4 Important Stories Corporate Media Missed Last Week
Hamas’ brutal terrorist attacks on Israeli civilians appropriately dominated last week’s news cycle. While vastly less important — from both a personal and world-affairs perspective — these four stories, which flew under the radar last week, deserve mention.
1. Biden’s Classified Docs Scandal
More than a year and a half before President Joe Biden’s attorneys claimed they “unexpectedly discovered” Obama-Biden documents at the Penn Biden Center, White House officials began screening the documents, James Comer, the Chair of the House Oversight and Accountability Committee, revealed last week.
In an Oct. 11 letter to White House counsel Edward Siskel, Comer noted Biden’s personal attorney, Bob Bauer, had previously represented to the public that classified documents were first discovered at the Penn Biden Center on Nov. 2, 2022, and that Biden’s attorneys then promptly notified the National Archives and Records Administration (NARA) of the discovery.
But according to an unnamed employee at the Penn Biden Center, on March 18, 2021, Annie Tomasini, assistant and senior adviser to the president and director of Oval Office operations, went to the Penn Biden Center to inventory Biden’s documents and materials. Thus, as Comer noted, the timeline began much earlier than Biden’s legal team had said.
This revelation raises the question of whether Tomasini discovered the documents with classification markings when she inventoried Biden’s records in March of 2021. If so, whom did she tell of that fact? Why was NARA not immediately contacted? And why were Biden’s personal attorneys later brought in to “find” the documents?
In addition to Tomasini, four other government employees were involved in reviewing or moving the documents from the Biden Penn Center, including former White House counsel Dana Remus; Anthony Bernal, assistant to the president and senior adviser to the first lady; Ashley Williams, special assistant to the president and deputy director of Oval Office operations; and Kathy Chung, a Department of Defense employee and former assistant to then-Vice President Biden.
As Comer asked in his letter to the White House counsel, if Biden truly believed the materials stored at the Biden Penn Center were personal documents and items, why would he use “significant federal resources” to secure that material?
Maybe for the same reason Biden had his personal lawyers “discover” the classified documents: because he knew they were there.
2. Hurdles for the Fulton County DA
Last Tuesday, Fulton County Superior Court Judge Scott McAfee held hearings on pretrial motions filed by lawyers for Kenneth Chesebro and Sidney Powell.
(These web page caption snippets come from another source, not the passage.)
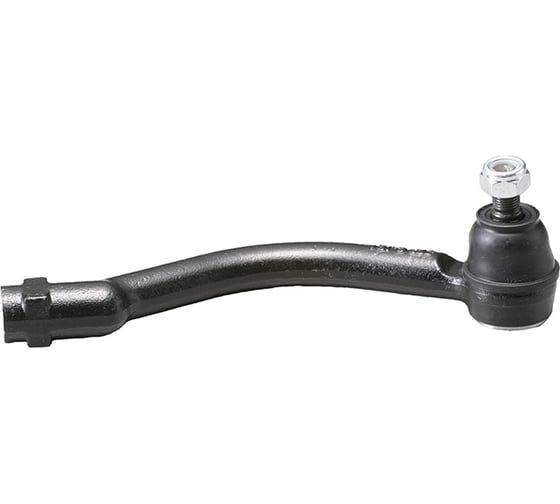 Наконечник рулевой тяги правый CTR CE0332R 1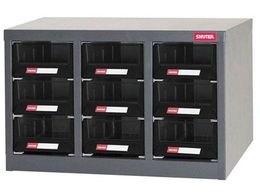 GXR p[cLrlbg 33i 533~265~310mm EA957F-1A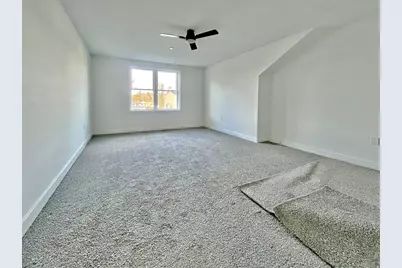 12 Dyer St #12, Rockland, MA 02370 - Photo 9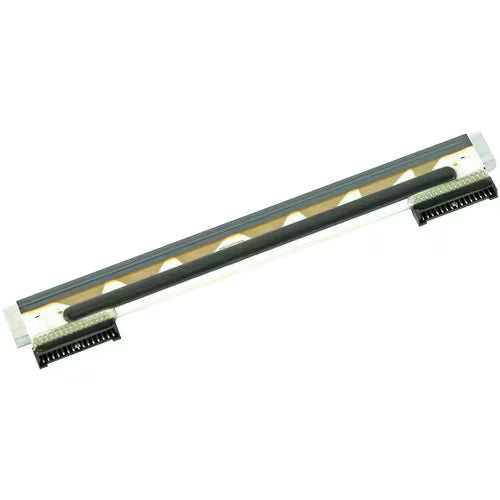 Zebra 105934-037 203dpi Direct Thermal Printhead for GK420d GX420d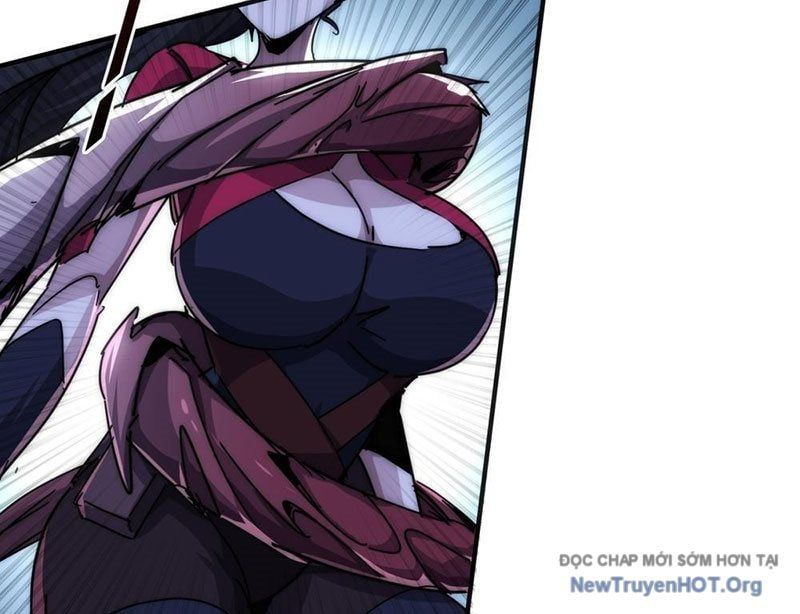 đọc truyện Phản Phái Quật Khởi Trong Trò Chơi Tận Thế Chương 6 ảnh 103 tại Thiên Thai Truyện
Fulton County prosecutor Fani Willis had charged Chesebro and Powell in the sprawling RICO indictment that named a total of 19 defendants, including former President Donald Trump. But because both Chesebro and Powell demanded their right to a speedy trial, their cases were severed from the other defendants.
Among other issues, last week’s hearing concerned Chesebro’s motion to dismiss the charges. Judge McAfee did not rule on the motion, instead taking it under advisement, but the defense counsel’s arguments — both on the supremacy clause and the validity of the RICO charge — presented strong challenges to the prosecution.
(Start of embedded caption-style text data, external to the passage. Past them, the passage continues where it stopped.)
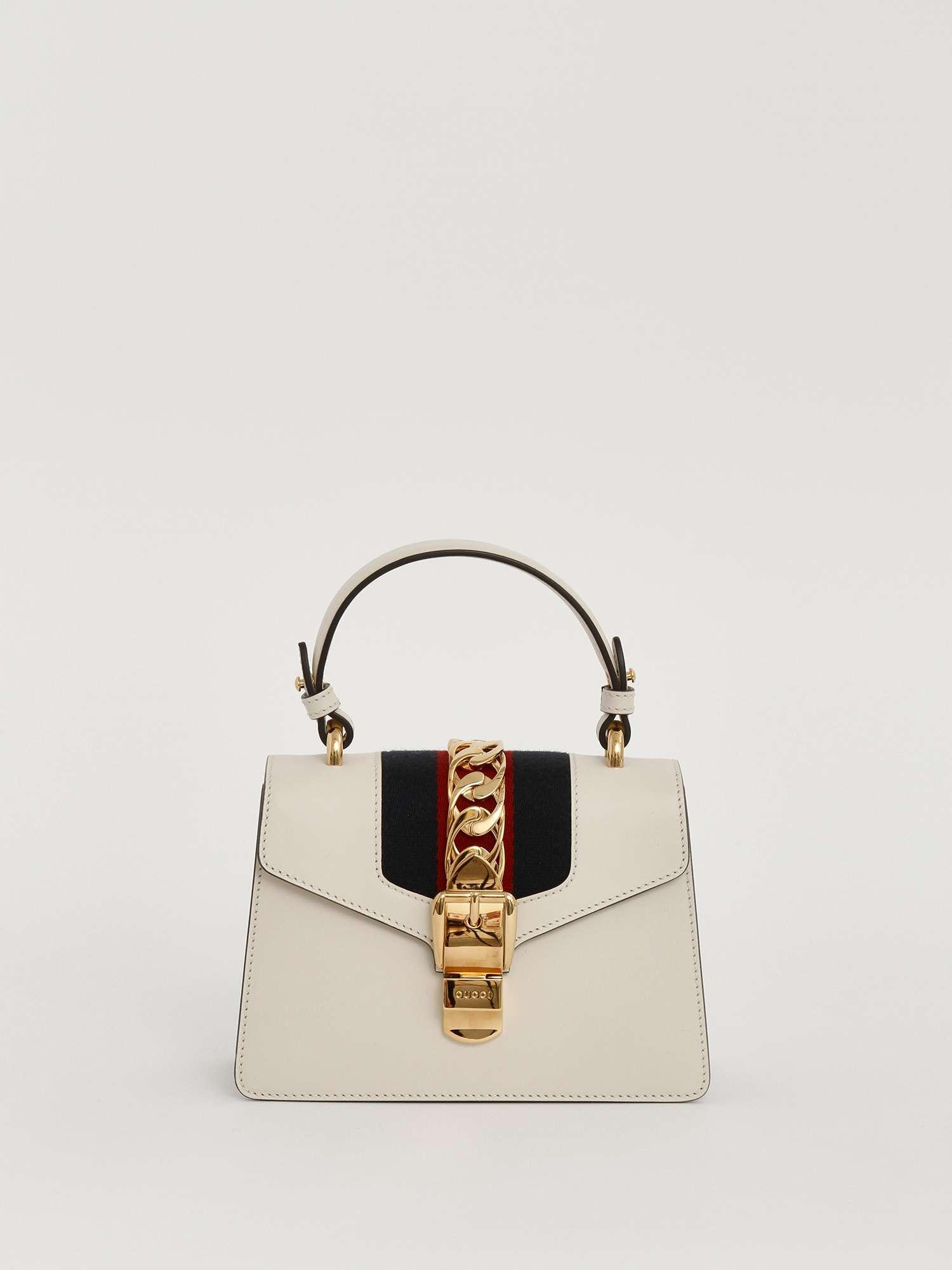 Gucci Sylvie , фото 1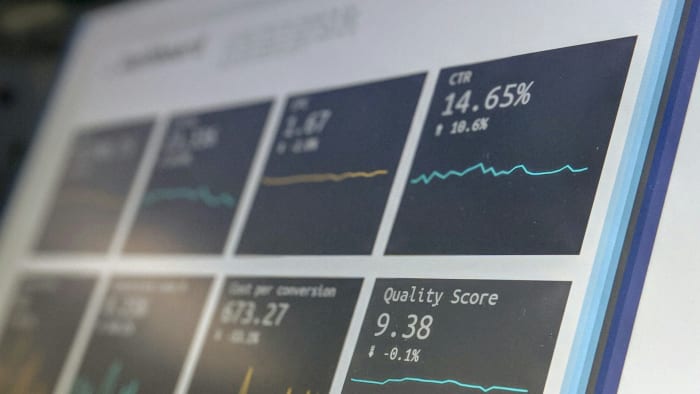 Managed IT Operations Should Produce Monthly Evidence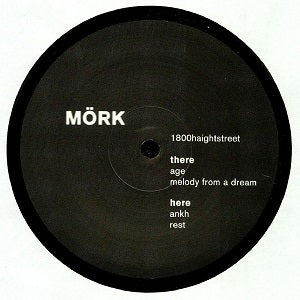 1800HAIGHTSTREET/AGE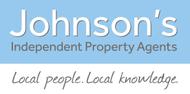 Johnson's Independent Property Agents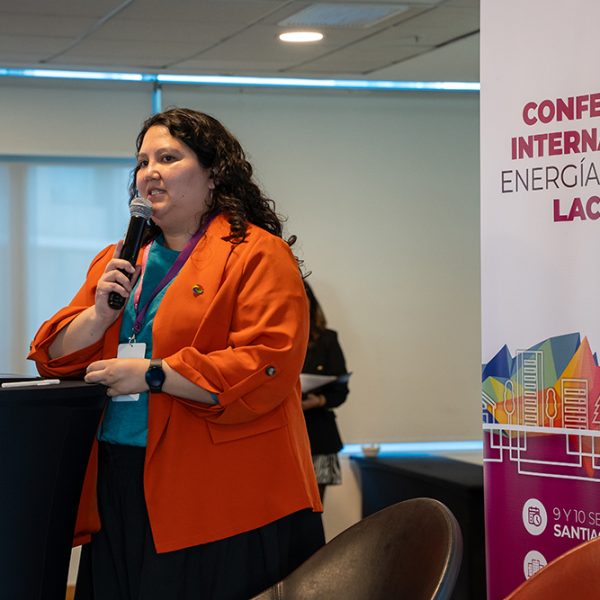 Energia Distrital 2025-128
As Chesebro’s attorney highlighted, federal law, which trumps state law, permits electors to be changed by the state after first certified. This negates the theory underlying Willis’ “fake electors” prosecution, the defense counsel argued.
On the RICO charge, Chesebro’s attorney argued that the state’s conspiracy law is unconstitutionally vague to the extent it criminalizes the conduct Willis charged — namely, the establishment of an enterprise to “change the results of the election.”
Not only is that not a crime, but the law authorizes such efforts through election contest lawsuits. Further, as the defense counsel highlighted, under the prosecutor’s untethered theory of the case, thousands if not millions of people around the country who believe Trump won the election could be charged with joining a conspiracy to “change the results” of the election.
With Chesebro and Powell’s trial scheduled to begin with jury selection on Oct. 20, Judge McAfee will be forced to decide these issues soon. That may prove a problem for Willis’ efforts to get Trump and the other defendants because with Chesebro and Powell’s cases teed up first, there’s a chance the Georgia appellate courts will reject the RICO count and the charges premised on the appointment of alternative electors before the other defendants face a jury.
These issues could be brought to the Georgia appellate court “interlocutorily,” meaning before a trial occurs, if the appellate court agrees to hear the case. Alternatively, if a jury convicts the duo, they could seek appellate review then.
It may be some time before the case gets to a jury, however, given that, as defense counsel noted during last week’s argument, there’s a RICO case down the hall that’s still in jury selection some six months later — and that case lacks any connection to the love-him or hate-him former president.
3. The Economy
Several stories concerning the economy broke last week as well. First, the Federal Reserve released its minutes from its September meeting, which revealed that “officials regarded the U.S. economy’s outlook as particularly uncertain.”
Of particular concern, according to the minutes, were the United Auto Workers’ strike against the Big Three automakers, higher energy costs, a weaker China economy, and the threat of a U.S. government shutdown.
While a funding deal staved off a shutdown until at least November, Hamas’ attack on Israel and concerns over an expanding conflict seem certain to keep energy costs high. Last week also saw “8,700 UAW members walked off the job … shutting down Ford Motor Company’s iconic and extremely profitable Kentucky Truck Plant in Louisville.”
The unannounced strike ends hope of a quick resolution to the labor dispute and may soon spread ripple effects throughout the economy. Should the factory remain closed for any substantial period, the lack of inventory promises to ratchet up both new and used car prices, which adds to the bad news on the inflation front also revealed last week.
While so-called experts had expected inflation to rise at 3.6 percent, it remained steady from August’s annual level at 3.7 percent — much higher than the 2 percent inflation rate target set by the Fed.
4. Robert Menendez
Another little-notice development occurred in the criminal case filed against Democrat Sen. Robert Menendez. Last Thursday, the Department of Justice returned a superseding indictment against the New Jersey senator adding a count charging Menendez with acting as an agent for a foreign government, namely Egypt, without registering under the Foreign Agents Registration Act, or FARA.
The failure-to-register charge pales compared to the bribery counts against Menendez and his wife, Nadine Arslanian Menendez, contained in the original indictment. But it provides the government with an easier path to conviction because federal prosecutors need not prove a nefarious purpose for accepting the payments.
Ironically, though, the DOJ’s decision to charge Menendez with a FARA violation spotlights the Biden administration’s failure to pursue such a charge against Hunter Biden. And here, the superseding indictment returned against the New Jersey senator contains several facts that will remind Americans of Hunter Biden’s pay-to-play scandal, such as dinners and photographs with foreign figures, a gifted car, and the use of pressure to ensure the foreign officials make the promised payments.
With Hunter Biden, though, it is bank accounts and wire transfers and not gold bars that confirm payments from foreign officials. While that may not be enough to establish bribery, given Hunter Biden’s efforts on behalf of the foreigners, the evidence appears more than enough to support a FARA charge. And the superseding indictment against Menendez reminds Americans of that fact.